If you are under the age of 40, the name Clifford Irving may not be familiar, but in 1970, Irving took the publishing world by storm when he announced that billionaire businessman Howard Hughes had chosen him to help write Hughes' autobiography.

This was more than just a literary coup – Irving claimed the famously reclusive Hughes had revealed shocking details of business dealings that could wreck political careers high up in the Nixon White House.

The book was poised to become a bestseller, but there was one serious problem: Irving never met Howard Hughes. He made up the whole thing.

Now the movie "The Hoax" examines Irving's life. Richard Gere plays a charming but complex con man based the writer.


Photos: The film's New York premiere
For almost thirty years, Gere has usually been the suave leading man who gets the girl. He played a soldier in "An Officer and a Gentleman," a seducer in "American Gigolo," a savior in "Pretty Woman," and a showman in "Chicago." But now at 57, Gere says he has found the role of a lifetime.

"I kind of imagine Clifford sitting around at a dinner party," Gere told 48 Hours correspondent Erin Moriarty in an interview for Sunday Morning. "And by all accounts, he was an incredibly charming guy. And saying 'What if you wrote a book' — mixing drinks — 'what if you wrote a book about someone who could never refute it because he is too crazy to refute it?'"

According to Gere, playing a charming con man wasn't that much of a stretch.

"We've all lied," he said. "We all know what it's like to lie. And you get away with it. This was a way to show them that (Irving) was actually smarter than them. He was a better writer than they ever thought he was. Because he created a whole other reality that they bought into big time — millions of dollars."


Click here to see photos of Richard Gere.

With brown hair dye and a different haircut, Gere looks remarkably like the real Irving who was 40 at the time. In the movie, Gere re-creates the way Irving and his long time friend and fellow writer Dick Suskind — played by Alfred Molina — took turns pretending to be Howard Hughes to create interview transcripts that they then took to editors at McGraw-Hill.

But if it's a dream role for Gere, the real Clifford Irving thinks it's a "second-rate, silly story."

"Except for the fact that this guy commits a hoax, gets caught and goes to prison: Those three points were real," he said. "Everything else was fiction. Made up."

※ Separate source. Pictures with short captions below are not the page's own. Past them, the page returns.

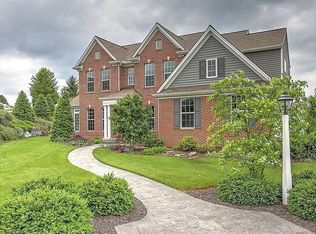 2757 Meadow Cross Way, York, PA 17402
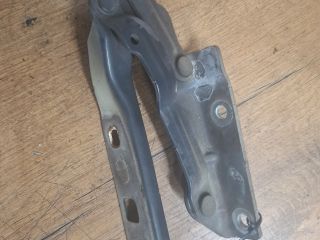 bontott VW GOLF V Motorháztető Bal Zsanér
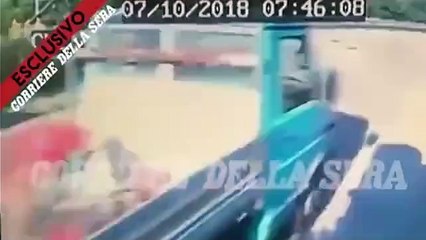 شاهد سقوط جورج كولوني من دراجته البخارية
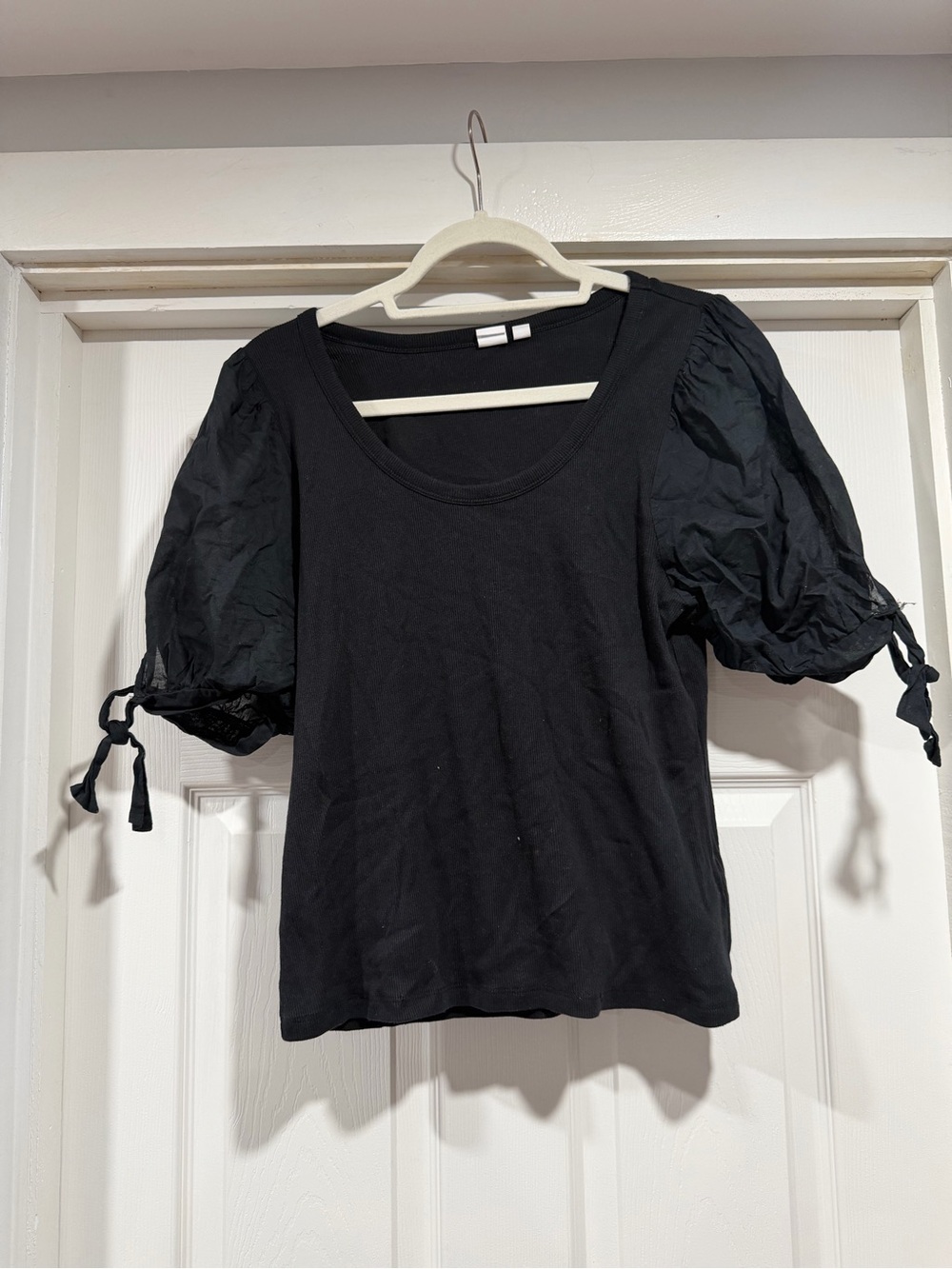 GAP Black Puff Sleeve Tie Tee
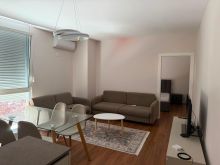✨ APARTAMENT 2+1 ME QIRA – RRUGA E BARRIKADAVE ✨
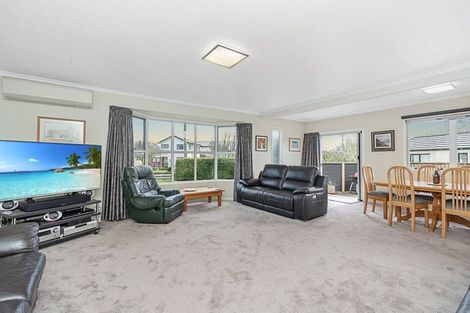 Photo of property in 7 Mahana Road, St Andrews, Hamilton, 3200
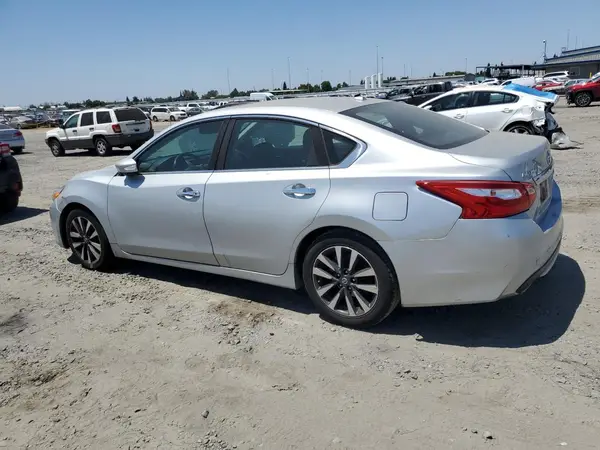 1N4AL3AP3HC252561 2017 NISSAN ALTIMA - Image 2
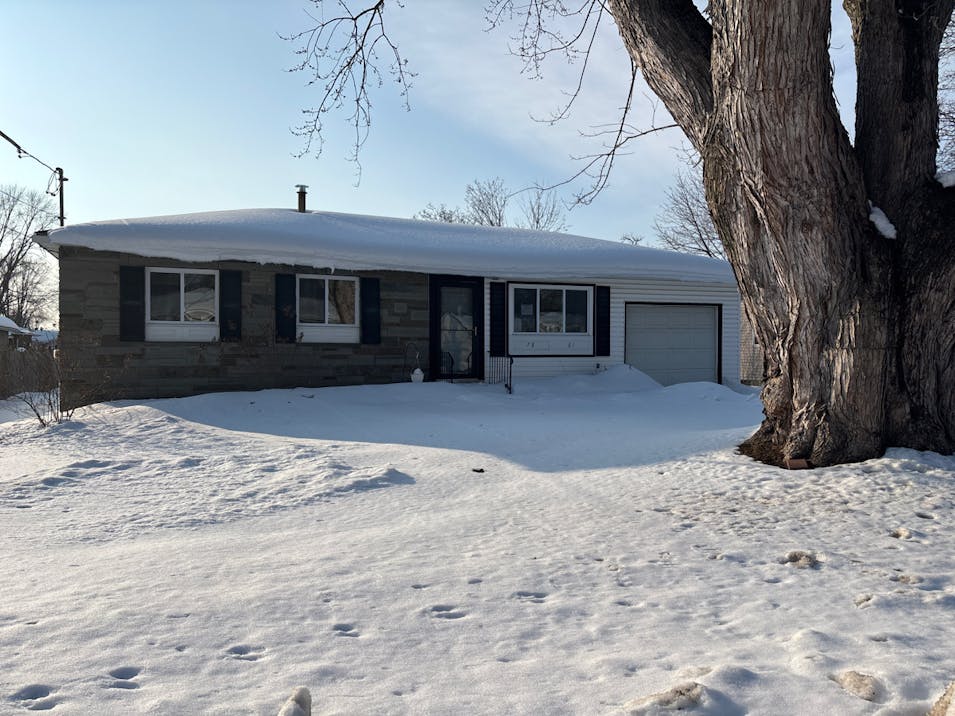 7861 N Sagamore Drive Liverpool, NY 13090, Onondaga County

Now 76 and living in Aspen, Colo., Irving is anxious to set the record straight and to hear him tell it - the whole story is more high jinks than hoax.

"It seemed like a great idea at the time," he said. "It wasn't that I needed money. I had plenty of money. It wasn't that I needed fame. I didn't think I was gonna become famous. I just did it because it seemed exciting."

Irving says the idea came from an article in Newsweek that convinced him that Howard Hughes had become so reclusive he'd never go public to say the book was a fake. Irving persuaded Suskind to help him, along with Irving's wife at the time, Edith.

"Well, we didn't really know if we could fool everybody," he said. "But we thought it was worth a try. We thought the worst thing that could happen — we said in those days — was they'll find out. We'll admit it. And it will be published as a novel. I never once, neither did Dick and neither did Edith, think it was a crime."

Irving began by forging a letter from Howard Hughes that convinced McGraw-Hill that the billionaire had chosen him to help write his autobiography.

"Howard Hughes and I grew up in the same public school system and had learned the same penmanship and my handwriting is very similar to his," Irving said.

So similar that Irving was able to fool handwriting experts. But if that took nerve, consider this: Irving, who as a child had once met Hughes, agreed to take a polygraph.

"They asked me, 'Have you ever met Howard Hughes?' and I said 'Yes,'" Irving said. "And it worked on the lie detector. They never guessed that I met him when I was six or seven."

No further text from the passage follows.